Output the data word for word, dropping every image.

Short web captions:
────────

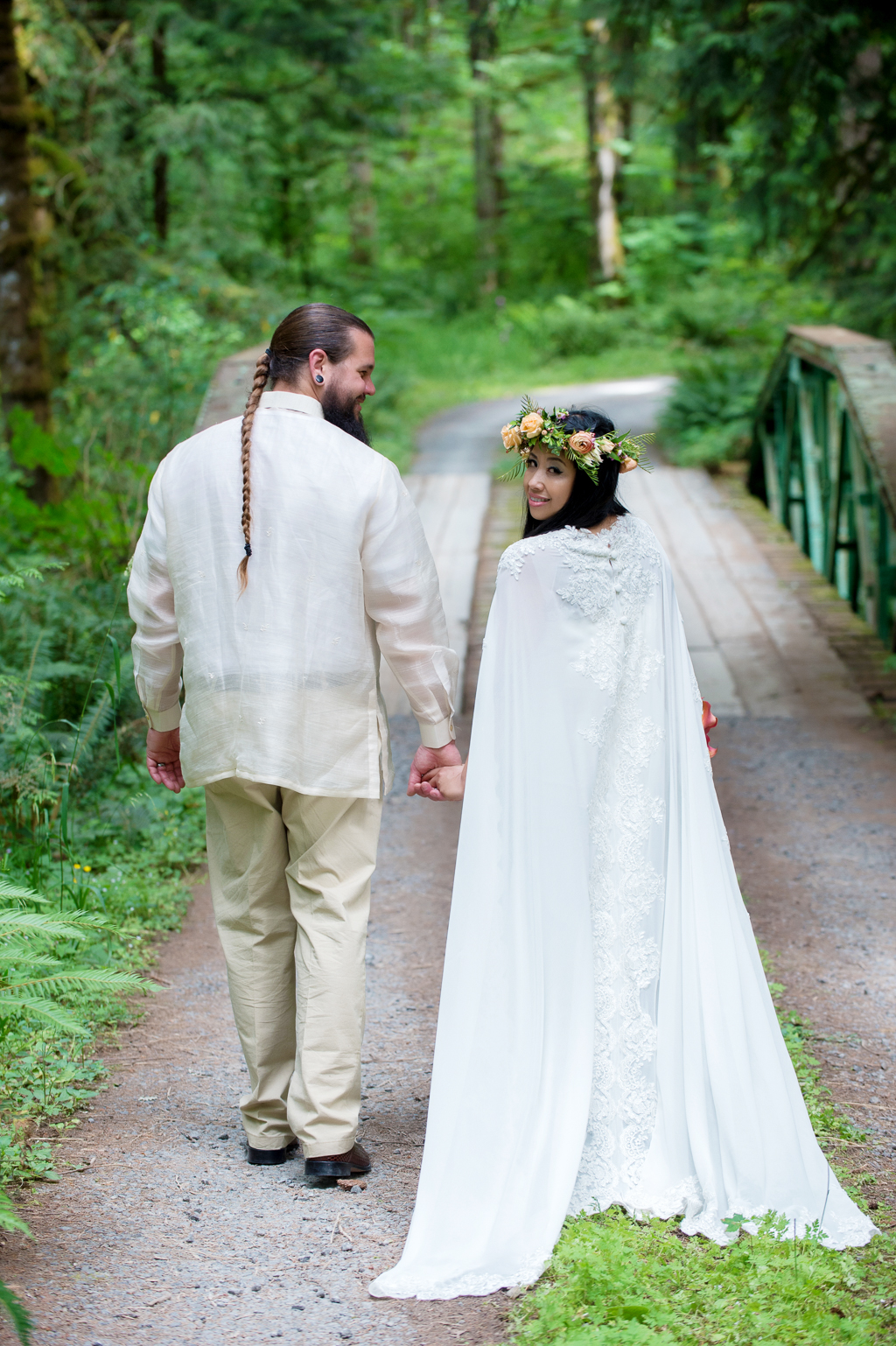 a bride with a very long wedding cape and a flower crown holds hands with her groom who has a very long braid and looks over her shoulder at the camera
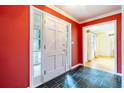 Bright foyer with a red accent wall, black slate floors and a white front door with side windows at 1958 Starfire Ne Dr, Atlanta, GA 30345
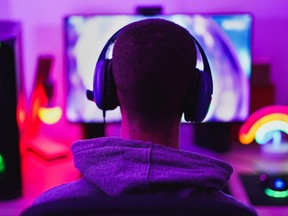 Young man wearing headset and play computer video games online.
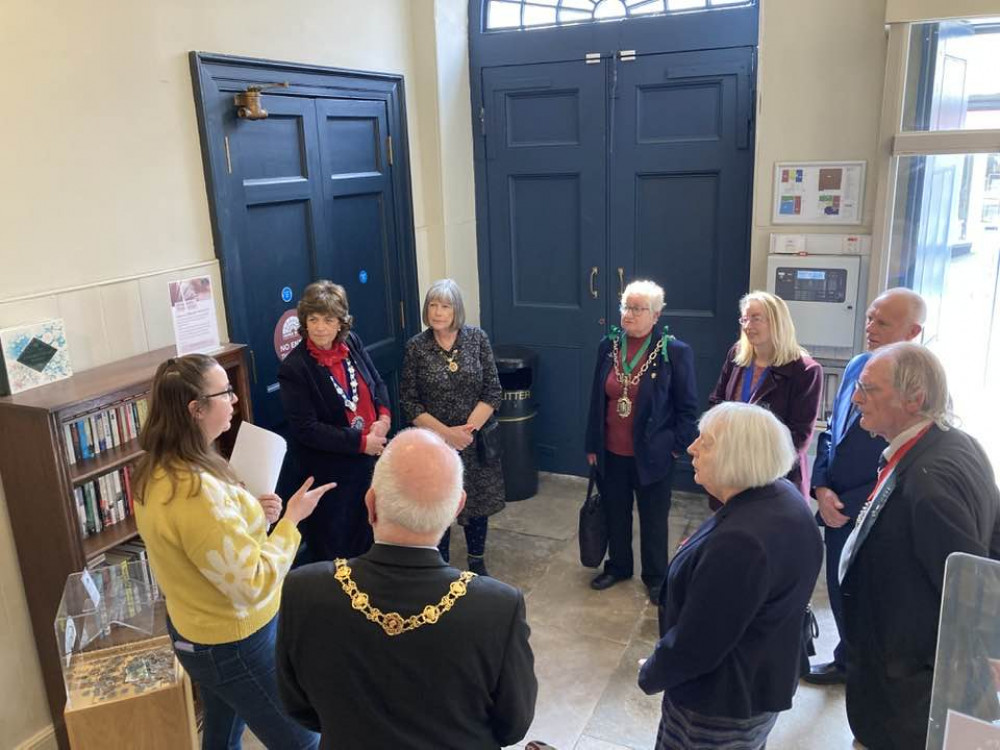 Shire Hall Museum's Tamsin Little shows the civic guests around the attraction (photo credit: Discover Dorchester/Dorchester Town Council)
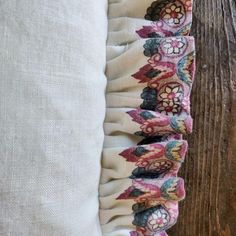 the back of a pillow with ruffles and flowers on it, against a wooden background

────────

Output of the exercise:
 a bride with a very long wedding cape and a flower crown holds hands with her groom who has a very long braid and looks over her shoulder at the camera
 Bright foyer with a red accent wall, black slate floors and a white front door with side windows at 1958 Starfire Ne Dr, Atlanta, GA 30345
 Young man wearing headset and play computer video games online.
 Shire Hall Museum's Tamsin Little shows the civic guests around the attraction (photo credit: Discover Dorchester/Dorchester Town Council)
 the back of a pillow with ruffles and flowers on it, against a wooden background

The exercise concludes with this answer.